▶ [Problem] Return the data below in full, matching every line exactly.

::::

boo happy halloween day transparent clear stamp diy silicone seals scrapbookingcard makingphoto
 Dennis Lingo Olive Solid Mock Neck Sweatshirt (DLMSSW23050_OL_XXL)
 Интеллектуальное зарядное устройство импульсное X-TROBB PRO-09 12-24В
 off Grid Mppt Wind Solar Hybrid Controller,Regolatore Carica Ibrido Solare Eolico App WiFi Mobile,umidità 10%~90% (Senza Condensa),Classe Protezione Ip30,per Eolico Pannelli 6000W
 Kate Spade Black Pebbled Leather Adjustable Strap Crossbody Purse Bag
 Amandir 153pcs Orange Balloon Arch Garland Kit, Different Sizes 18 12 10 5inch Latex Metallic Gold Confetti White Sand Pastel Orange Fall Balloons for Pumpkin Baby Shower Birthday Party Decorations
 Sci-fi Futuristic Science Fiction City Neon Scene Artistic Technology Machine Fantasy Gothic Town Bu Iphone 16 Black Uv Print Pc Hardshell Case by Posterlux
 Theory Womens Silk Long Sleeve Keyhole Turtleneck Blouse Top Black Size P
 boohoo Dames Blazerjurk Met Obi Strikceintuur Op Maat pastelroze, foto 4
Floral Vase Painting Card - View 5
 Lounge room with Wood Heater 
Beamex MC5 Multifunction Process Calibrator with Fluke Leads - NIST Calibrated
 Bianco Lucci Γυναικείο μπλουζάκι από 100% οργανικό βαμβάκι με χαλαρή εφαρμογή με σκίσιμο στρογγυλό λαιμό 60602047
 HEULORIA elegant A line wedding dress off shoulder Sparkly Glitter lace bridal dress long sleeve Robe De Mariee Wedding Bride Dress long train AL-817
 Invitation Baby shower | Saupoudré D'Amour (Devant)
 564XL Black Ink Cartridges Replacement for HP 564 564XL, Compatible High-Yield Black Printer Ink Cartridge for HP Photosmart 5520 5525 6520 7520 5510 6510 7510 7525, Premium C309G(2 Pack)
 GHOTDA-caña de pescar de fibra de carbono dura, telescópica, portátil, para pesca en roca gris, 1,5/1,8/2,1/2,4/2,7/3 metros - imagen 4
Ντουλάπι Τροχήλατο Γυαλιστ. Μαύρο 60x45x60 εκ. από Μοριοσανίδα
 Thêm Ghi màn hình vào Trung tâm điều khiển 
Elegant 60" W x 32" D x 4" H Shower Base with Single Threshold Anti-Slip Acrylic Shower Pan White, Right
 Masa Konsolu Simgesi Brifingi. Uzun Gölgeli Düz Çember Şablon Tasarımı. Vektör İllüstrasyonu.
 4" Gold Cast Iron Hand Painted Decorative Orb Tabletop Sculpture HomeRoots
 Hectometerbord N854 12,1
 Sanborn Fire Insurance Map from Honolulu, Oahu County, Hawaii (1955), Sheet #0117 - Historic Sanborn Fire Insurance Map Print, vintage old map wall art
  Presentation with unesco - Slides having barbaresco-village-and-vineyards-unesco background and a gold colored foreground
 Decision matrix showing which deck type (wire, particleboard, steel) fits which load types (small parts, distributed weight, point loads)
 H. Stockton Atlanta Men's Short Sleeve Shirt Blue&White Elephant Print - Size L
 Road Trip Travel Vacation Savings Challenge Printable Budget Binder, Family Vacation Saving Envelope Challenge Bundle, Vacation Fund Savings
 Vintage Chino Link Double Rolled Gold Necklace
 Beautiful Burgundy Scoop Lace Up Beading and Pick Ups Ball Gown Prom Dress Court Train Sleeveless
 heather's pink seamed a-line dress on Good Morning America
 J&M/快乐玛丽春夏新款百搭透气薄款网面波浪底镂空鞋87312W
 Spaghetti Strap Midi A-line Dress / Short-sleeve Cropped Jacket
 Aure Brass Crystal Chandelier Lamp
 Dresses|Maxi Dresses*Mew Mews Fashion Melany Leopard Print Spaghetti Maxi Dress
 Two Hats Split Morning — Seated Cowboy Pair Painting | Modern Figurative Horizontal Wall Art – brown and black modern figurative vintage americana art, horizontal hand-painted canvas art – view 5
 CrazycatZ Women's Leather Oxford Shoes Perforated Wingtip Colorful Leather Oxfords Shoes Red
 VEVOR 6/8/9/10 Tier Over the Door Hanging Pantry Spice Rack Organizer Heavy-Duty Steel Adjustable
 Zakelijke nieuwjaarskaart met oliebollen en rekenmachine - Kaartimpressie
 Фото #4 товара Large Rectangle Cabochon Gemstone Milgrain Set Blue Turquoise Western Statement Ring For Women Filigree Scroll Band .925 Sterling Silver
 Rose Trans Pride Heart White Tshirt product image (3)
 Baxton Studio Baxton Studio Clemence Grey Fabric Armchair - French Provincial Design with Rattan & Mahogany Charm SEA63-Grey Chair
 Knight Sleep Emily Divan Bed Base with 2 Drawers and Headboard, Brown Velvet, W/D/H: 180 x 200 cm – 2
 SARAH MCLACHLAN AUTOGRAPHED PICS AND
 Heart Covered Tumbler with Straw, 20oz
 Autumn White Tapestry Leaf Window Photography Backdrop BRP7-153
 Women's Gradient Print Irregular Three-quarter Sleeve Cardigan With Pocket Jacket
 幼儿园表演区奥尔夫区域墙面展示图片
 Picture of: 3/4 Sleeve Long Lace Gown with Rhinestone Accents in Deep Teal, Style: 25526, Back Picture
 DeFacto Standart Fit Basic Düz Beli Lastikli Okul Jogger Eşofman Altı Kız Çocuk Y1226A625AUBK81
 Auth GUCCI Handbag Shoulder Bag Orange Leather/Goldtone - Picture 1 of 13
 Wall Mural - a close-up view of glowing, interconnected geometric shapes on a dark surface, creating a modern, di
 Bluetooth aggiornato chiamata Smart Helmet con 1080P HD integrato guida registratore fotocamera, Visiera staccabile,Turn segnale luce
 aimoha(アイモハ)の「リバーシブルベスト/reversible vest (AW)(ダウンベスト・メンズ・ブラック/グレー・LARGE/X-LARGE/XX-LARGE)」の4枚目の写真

::::

▶ [Solution for this exercise]
boo happy halloween day transparent clear stamp diy silicone seals scrapbookingcard makingphoto
 Dennis Lingo Olive Solid Mock Neck Sweatshirt (DLMSSW23050_OL_XXL)
 Интеллектуальное зарядное устройство импульсное X-TROBB PRO-09 12-24В
 off Grid Mppt Wind Solar Hybrid Controller,Regolatore Carica Ibrido Solare Eolico App WiFi Mobile,umidità 10%~90% (Senza Condensa),Classe Protezione Ip30,per Eolico Pannelli 6000W
 Kate Spade Black Pebbled Leather Adjustable Strap Crossbody Purse Bag
 Amandir 153pcs Orange Balloon Arch Garland Kit, Different Sizes 18 12 10 5inch Latex Metallic Gold Confetti White Sand Pastel Orange Fall Balloons for Pumpkin Baby Shower Birthday Party Decorations
 Sci-fi Futuristic Science Fiction City Neon Scene Artistic Technology Machine Fantasy Gothic Town Bu Iphone 16 Black Uv Print Pc Hardshell Case by Posterlux
 Theory Womens Silk Long Sleeve Keyhole Turtleneck Blouse Top Black Size P
 boohoo Dames Blazerjurk Met Obi Strikceintuur Op Maat pastelroze, foto 4
Floral Vase Painting Card - View 5
 Lounge room with Wood Heater 
Beamex MC5 Multifunction Process Calibrator with Fluke Leads - NIST Calibrated
 Bianco Lucci Γυναικείο μπλουζάκι από 100% οργανικό βαμβάκι με χαλαρή εφαρμογή με σκίσιμο στρογγυλό λαιμό 60602047
 HEULORIA elegant A line wedding dress off shoulder Sparkly Glitter lace bridal dress long sleeve Robe De Mariee Wedding Bride Dress long train AL-817
 Invitation Baby shower | Saupoudré D'Amour (Devant)
 564XL Black Ink Cartridges Replacement for HP 564 564XL, Compatible High-Yield Black Printer Ink Cartridge for HP Photosmart 5520 5525 6520 7520 5510 6510 7510 7525, Premium C309G(2 Pack)
 GHOTDA-caña de pescar de fibra de carbono dura, telescópica, portátil, para pesca en roca gris, 1,5/1,8/2,1/2,4/2,7/3 metros - imagen 4
Ντουλάπι Τροχήλατο Γυαλιστ. Μαύρο 60x45x60 εκ. από Μοριοσανίδα
 Thêm Ghi màn hình vào Trung tâm điều khiển 
Elegant 60" W x 32" D x 4" H Shower Base with Single Threshold Anti-Slip Acrylic Shower Pan White, Right
 Masa Konsolu Simgesi Brifingi. Uzun Gölgeli Düz Çember Şablon Tasarımı. Vektör İllüstrasyonu.
 4" Gold Cast Iron Hand Painted Decorative Orb Tabletop Sculpture HomeRoots
 Hectometerbord N854 12,1
 Sanborn Fire Insurance Map from Honolulu, Oahu County, Hawaii (1955), Sheet #0117 - Historic Sanborn Fire Insurance Map Print, vintage old map wall art
  Presentation with unesco - Slides having barbaresco-village-and-vineyards-unesco background and a gold colored foreground
 Decision matrix showing which deck type (wire, particleboard, steel) fits which load types (small parts, distributed weight, point loads)
 H. Stockton Atlanta Men's Short Sleeve Shirt Blue&White Elephant Print - Size L
 Road Trip Travel Vacation Savings Challenge Printable Budget Binder, Family Vacation Saving Envelope Challenge Bundle, Vacation Fund Savings
 Vintage Chino Link Double Rolled Gold Necklace
 Beautiful Burgundy Scoop Lace Up Beading and Pick Ups Ball Gown Prom Dress Court Train Sleeveless
 heather's pink seamed a-line dress on Good Morning America
 J&M/快乐玛丽春夏新款百搭透气薄款网面波浪底镂空鞋87312W
 Spaghetti Strap Midi A-line Dress / Short-sleeve Cropped Jacket
 Aure Brass Crystal Chandelier Lamp
 Dresses|Maxi Dresses*Mew Mews Fashion Melany Leopard Print Spaghetti Maxi Dress
 Two Hats Split Morning — Seated Cowboy Pair Painting | Modern Figurative Horizontal Wall Art – brown and black modern figurative vintage americana art, horizontal hand-painted canvas art – view 5
 CrazycatZ Women's Leather Oxford Shoes Perforated Wingtip Colorful Leather Oxfords Shoes Red
 VEVOR 6/8/9/10 Tier Over the Door Hanging Pantry Spice Rack Organizer Heavy-Duty Steel Adjustable
 Zakelijke nieuwjaarskaart met oliebollen en rekenmachine - Kaartimpressie
 Фото #4 товара Large Rectangle Cabochon Gemstone Milgrain Set Blue Turquoise Western Statement Ring For Women Filigree Scroll Band .925 Sterling Silver
 Rose Trans Pride Heart White Tshirt product image (3)
 Baxton Studio Baxton Studio Clemence Grey Fabric Armchair - French Provincial Design with Rattan & Mahogany Charm SEA63-Grey Chair
 Knight Sleep Emily Divan Bed Base with 2 Drawers and Headboard, Brown Velvet, W/D/H: 180 x 200 cm – 2
 SARAH MCLACHLAN AUTOGRAPHED PICS AND
 Heart Covered Tumbler with Straw, 20oz
 Autumn White Tapestry Leaf Window Photography Backdrop BRP7-153
 Women's Gradient Print Irregular Three-quarter Sleeve Cardigan With Pocket Jacket
 幼儿园表演区奥尔夫区域墙面展示图片
 Picture of: 3/4 Sleeve Long Lace Gown with Rhinestone Accents in Deep Teal, Style: 25526, Back Picture
 DeFacto Standart Fit Basic Düz Beli Lastikli Okul Jogger Eşofman Altı Kız Çocuk Y1226A625AUBK81
 Auth GUCCI Handbag Shoulder Bag Orange Leather/Goldtone - Picture 1 of 13
 Wall Mural - a close-up view of glowing, interconnected geometric shapes on a dark surface, creating a modern, di
 Bluetooth aggiornato chiamata Smart Helmet con 1080P HD integrato guida registratore fotocamera, Visiera staccabile,Turn segnale luce
 aimoha(アイモハ)の「リバーシブルベスト/reversible vest (AW)(ダウンベスト・メンズ・ブラック/グレー・LARGE/X-LARGE/XX-LARGE)」の4枚目の写真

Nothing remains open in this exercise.